Omit all images, then repeat exactly the lines below from the one containing "Lagniappe of Biloxi" through the one containing "House 4 rooms", both ends included.

─── Supplied material

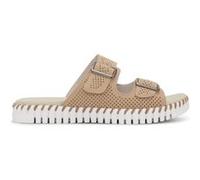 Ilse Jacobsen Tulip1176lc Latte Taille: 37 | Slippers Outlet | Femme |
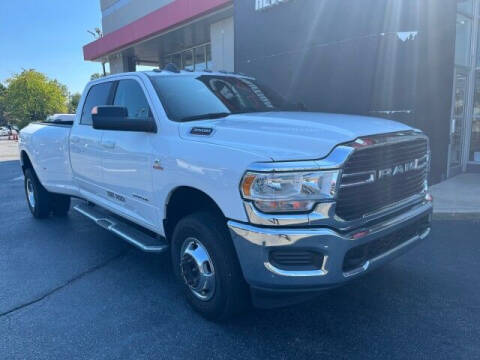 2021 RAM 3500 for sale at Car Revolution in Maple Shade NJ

──────
─── Supplied material

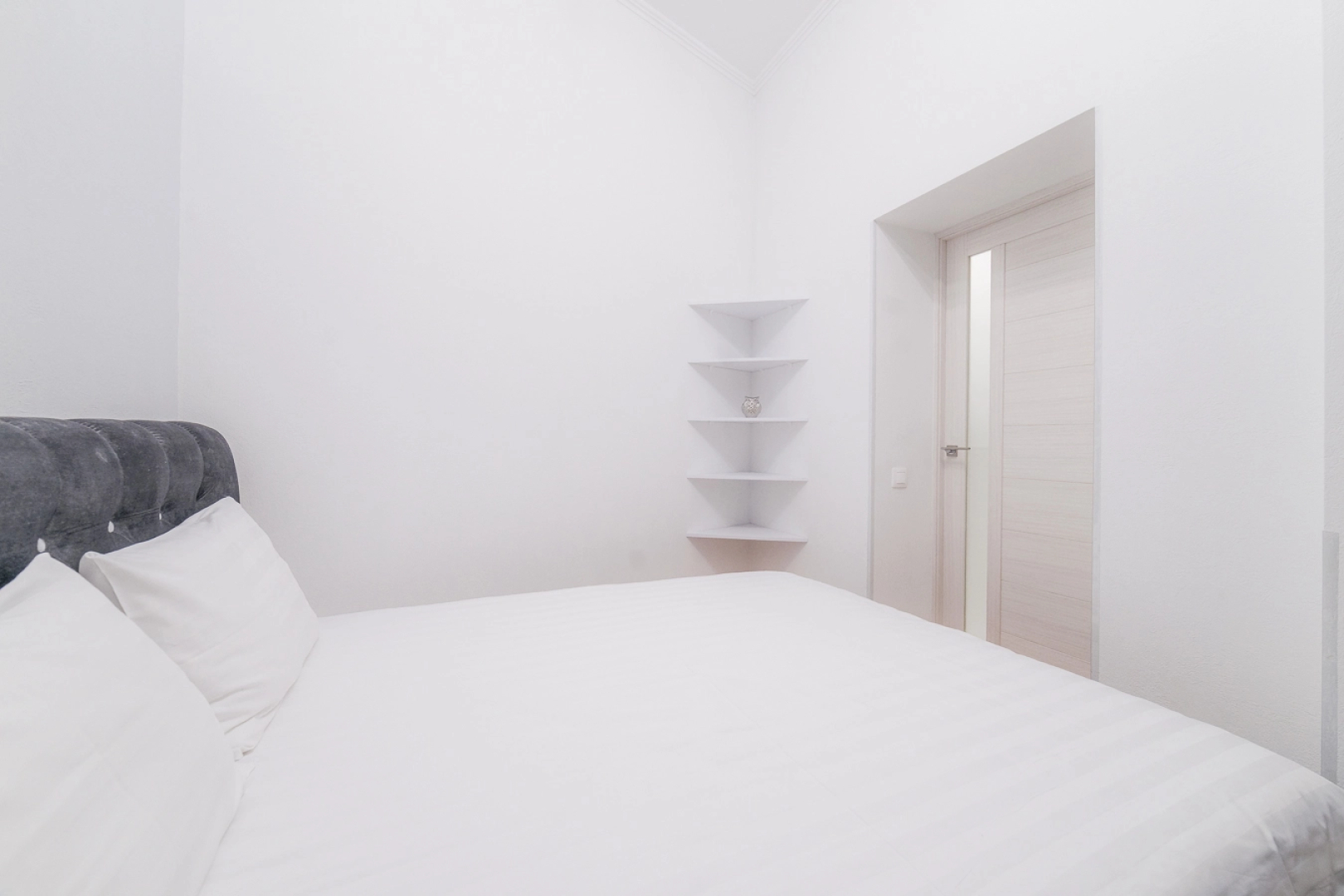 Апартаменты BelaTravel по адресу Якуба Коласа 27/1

──────
─── Supplied material

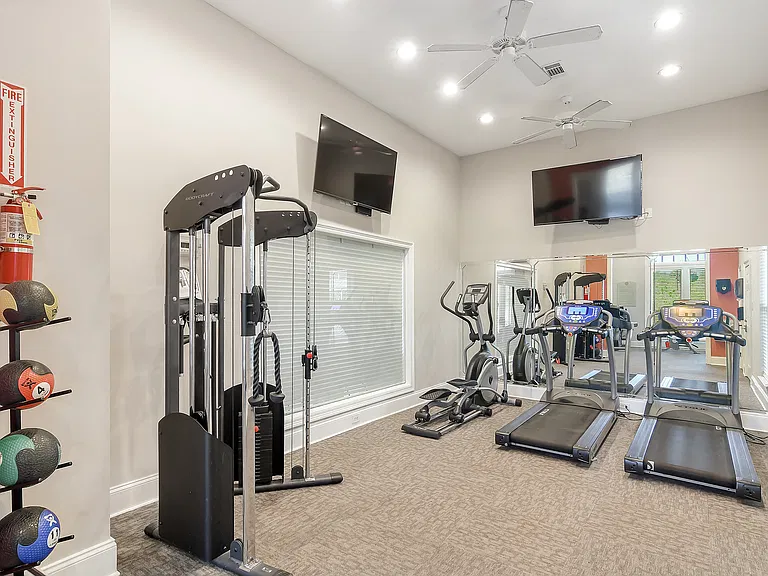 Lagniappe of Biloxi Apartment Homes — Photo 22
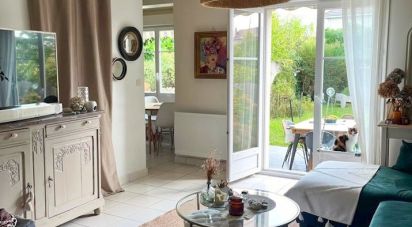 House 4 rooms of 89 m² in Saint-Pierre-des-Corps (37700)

──────

## Reply
 Lagniappe of Biloxi Apartment Homes — Photo 22
 House 4 rooms of 89 m² in Saint-Pierre-des-Corps (37700)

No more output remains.